The internal logic of component 501 runs from time t1-t2, at which
time a call is made to API 514 of component 511.
[0038] DependencyBroker.Invoke( ) is invoked at this moment to
track the start and end-time of API 514, which duration of which
lasts from t2-t5. In addition, DependencyBroker.Dispatch ( ) is
called by component 511 at its entry point, so that the actual
latency of component 511 may be tracked. Component 511 executes
from t3-t4 and the corresponding timestamps for component 511 are
logged.
[0039] The internal business logic of component 501 executes again
from t5-t6, at which time another call is made to component 511,
and to API 516 specifically. DependencyBroker.Invoke( ) is utilized
again to track the overall latency of the dependency, while
component 511 utilized DependencyBroker.Dispatch( ) to track its
internal latency, which may include its own dependency calls, which
would be tracked by code section 517.
[0040] Component 511 executes the second time from t7 to t8, at
which time control is returned to component 501.

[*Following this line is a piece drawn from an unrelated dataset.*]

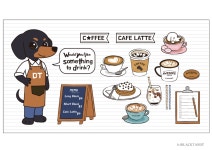 캐릭터 디자인 - 블랙탄디티 패밀리 | Latte, Drinks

DependencyBroker.Invoke( ) logs the end-time of API 516 and allows
the remainder of component 501 to execute. Component 501 eventually
completes and its end-time is logged by DepdendencyBroker.Dispatch(
).
[0041] It may be appreciated from the foregoing scenario that the
actual time need to run the business logic of each component can be
calculated by accounting for the transit time of dependency calls
and the actual latency of dependencies. For example, component 101
actually executes from t1-t2, t5-t6, and t9-10, or for only 3 units
of time, total. The API calls made by component utilized 4 unites
of time, whereas the business logic of component 511 utilized only
2 units of time. The consistent logging of the start and end-times
of both the components and dependencies by both latency methods
allow for a more granular view of latency, rather than a view of
component 501 that negates the latencies involved in API calls and
the latencies involved in dependencies.
[0042] FIG. 6 illustrates an operational scenario 600 in an
implementation. Operational scenario 600 includes component 601,
component 611, component 621, and component 631. Component 601
includes a code section 603 that calls a component tracking method
when API 605 is invoked and a code section 607 that calls a
dependency tracking method when a dependency is called. Component
611 includes a code section 613 that calls a component tracking
method when API 615 is invoked and a code section 617 that calls a
dependency tracking method when a dependency is called. Component
621 includes a code section 623 that calls a component tracking
method when API 625 is invoked and a code section 627 that calls a
dependency tracking method when a dependency is called. Finally,
component 631 includes a code section 633 that calls a component
tracking method when API 635 is invoked and a code section 637 that
calls a dependency tracking method when a dependency is called.
[0043] In operation, component 601 may be called by another
component, application, or service, and executes in furtherance of
a request (A). Code section 603 calls the component tracking method
and passes a request ID-A so that its timestamps can be logged in
association with the request. When component 601 calls API 615 in
component 611, the same request ID-A is passed as a parameter,
allowing code section 613 to pass the request ID-A to its own
instance of the component tracking method. The dependency tracking
method called by code section 607 can also log the same request
ID-A in association with API 615.
[0044] Component 601 also calls API 635 in component 631. Code
section 607 passes the request ID-A to the dependency tracking
method in order to log its perceived latency of API 635 in a log
file. However, code section 633 also passes the same request ID-A
to its instance of the component tracking method, so that its own
latency can be tracked in association with the request.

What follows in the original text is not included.